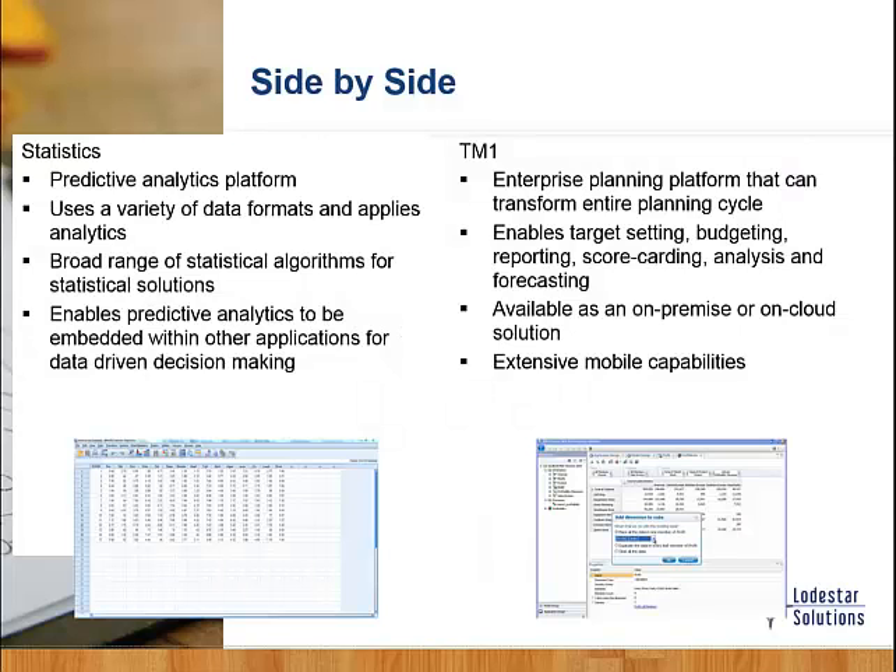In a side-by-side comparison: TM1 is an enterprise platform that handles forecasting and planning cycles, target-setting, budgeting, and scorecarding — available on-premises, in the cloud, and extended to mobile devices. Statistics is the predictive analytic platform where we leverage data and mathematical algorithms. The marriage between Statistics and TM1 can be extremely powerful and really take the accuracy of your forecast to the next level.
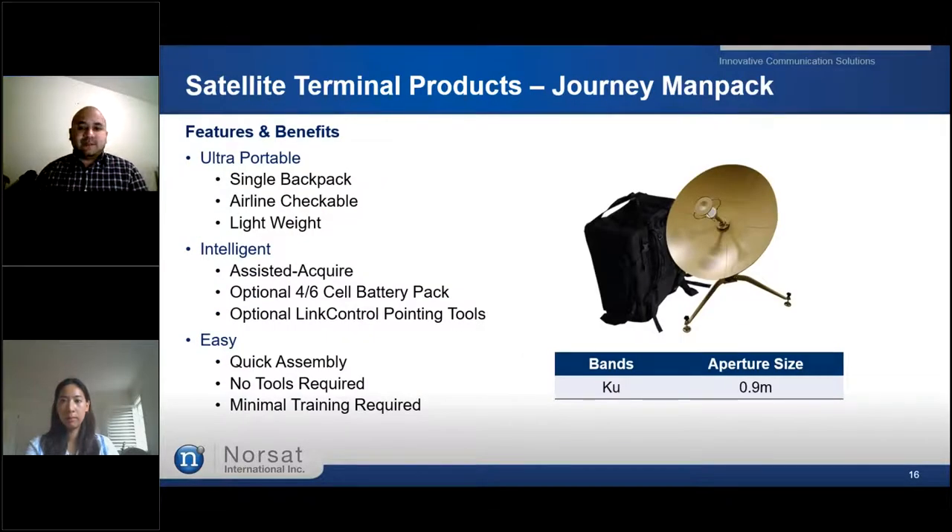Up next, we have our Journey Manpack, which is one of NORSAT's latest series of ultra-portable satellite terminals designed for military and commercial applications. The Journey Manpack is the highest-performance 1K solution in the industry. With AEDA-compliant packaging and tool-free assembly, the Journey Manpack offers a 0.9-metre aperture size. The terminal's case is only a single backpack, which is very light to travel with, and the user can easily take it to very remote places. This unit is currently designed for Ku band applications.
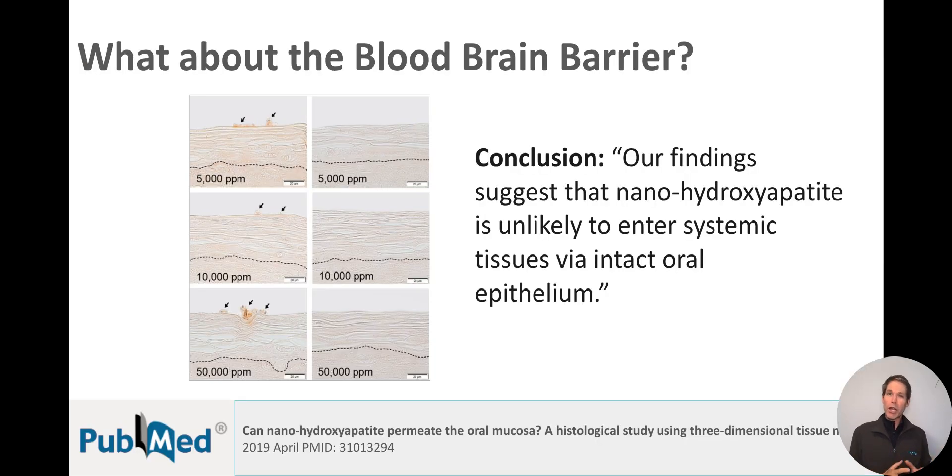Now regarding the blood-brain barrier, most concerns about nanohydroxyapatite stem from studies that have been taken out of context. The research that's been done focuses primarily on engineered nanoparticles for targeted drug delivery in things like central nervous system diseases like Alzheimer's. These nanoparticles are designed to actually penetrate the blood-brain barrier, and they're also administered differently than nanohydroxyapatite in oral care. So as of now, there is no evidence to suggest that nanohydroxyapatite from toothpaste can actually cross the blood-brain barrier.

*DIRECTIONS FOR THIS TASK*. Without including any pictures, print all of the material exactly as given.

*SOLUTION FOR THIS TASK*.
In a side-by-side comparison: TM1 is an enterprise platform that handles forecasting and planning cycles, target-setting, budgeting, and scorecarding — available on-premises, in the cloud, and extended to mobile devices. Statistics is the predictive analytic platform where we leverage data and mathematical algorithms. The marriage between Statistics and TM1 can be extremely powerful and really take the accuracy of your forecast to the next level.
Up next, we have our Journey Manpack, which is one of NORSAT's latest series of ultra-portable satellite terminals designed for military and commercial applications. The Journey Manpack is the highest-performance 1K solution in the industry. With AEDA-compliant packaging and tool-free assembly, the Journey Manpack offers a 0.9-metre aperture size. The terminal's case is only a single backpack, which is very light to travel with, and the user can easily take it to very remote places. This unit is currently designed for Ku band applications.
Now regarding the blood-brain barrier, most concerns about nanohydroxyapatite stem from studies that have been taken out of context. The research that's been done focuses primarily on engineered nanoparticles for targeted drug delivery in things like central nervous system diseases like Alzheimer's. These nanoparticles are designed to actually penetrate the blood-brain barrier, and they're also administered differently than nanohydroxyapatite in oral care. So as of now, there is no evidence to suggest that nanohydroxyapatite from toothpaste can actually cross the blood-brain barrier.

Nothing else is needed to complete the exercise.